One serious limitation about NTLM is that although it works great for obtaining the login name of users which clearly could be used to look up those users on a network, NTLM does not provide access to the user's login password. While it is true that NTLM does a hash of the user password, this hash is of the user password converted to all CAPS and appears to be a one-way hash to boot. So, even if you were able to figure out how to un-hash/translate the NTLM password from its traces used by NTLM, you will not have a usable password once that is complete because the process would be insensitive to the password case.

The final step in activating the Rack is to insert the call into the application configuration.

[config/application.rb]
  class Application < Rails::Application
…

   config.middleware.use "AuthNtlm", {
      :uri_pattern => /\//                       # (default = /\//) (any URL)
    }

    # Custom directories with classes and modules you want to be autoloadable.
    #config.autoload_paths += %W(#{config.root}/extras)
    config.autoload_paths += %W(#{config.root}/lib)
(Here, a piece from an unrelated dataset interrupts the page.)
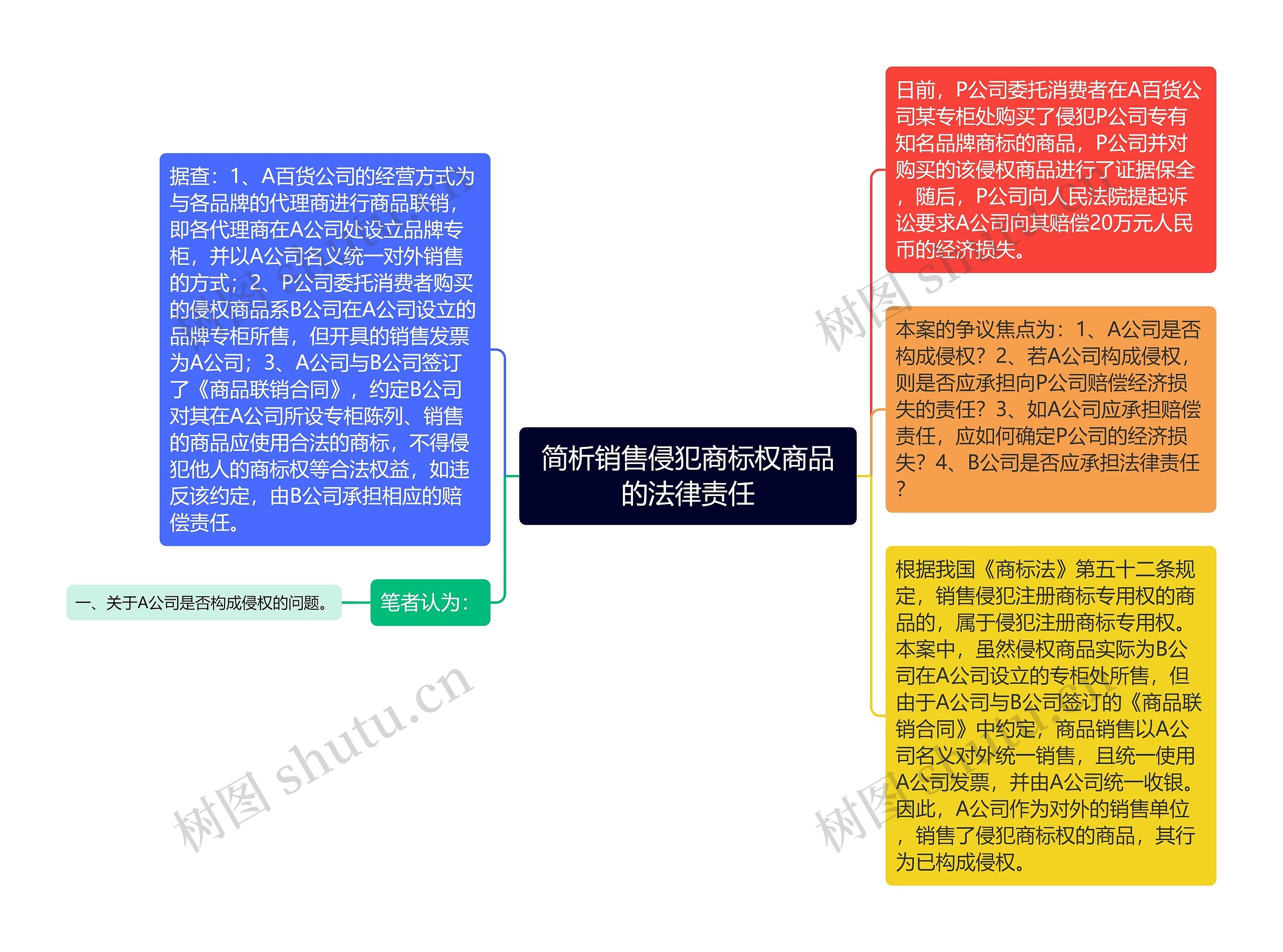 简析销售侵犯商标权商品的法律责任思维导图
The call to your Rack library file should be placed below the class Application < Rails::Application line within module named after your Rails application. Note, there is one other change, that is to tell Rails to autoload your Rack library files placed in /lib. To do this, you need to uncomment and modify or add a new similar line (what we did) to configure the autoload. If you do not tell Rails to autoload, Rails will not know where to find your Rack application.
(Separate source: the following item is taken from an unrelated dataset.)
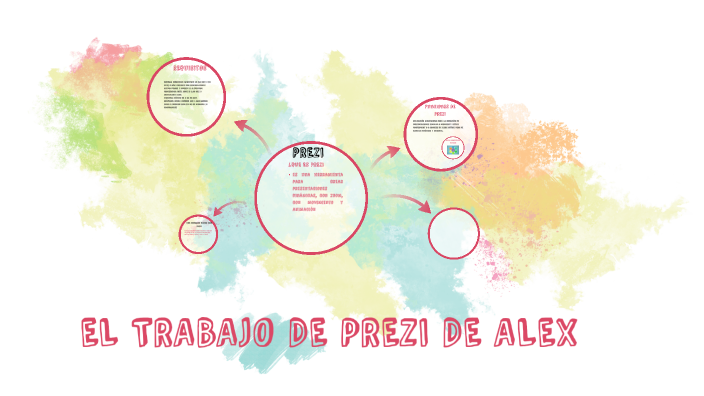 PREZI by alex gutierres on Prezi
We would like to acknowledge the previous contribution of lukefx who originally authored rack-ntlm from which our work was based. We could not make rack-ntlm work as it is presented in GitHub, there is also the serious limitation about passwords which lukefx conveniently failed to mention, instead he hard coded the users password into the application configuration.

If you need to support lots of different browsers (particularly FireFox), this solution will not work. Your best bet in this case would be to use rack-auth-kerberos. However, if you are an IE shop, the above solution should work just fine.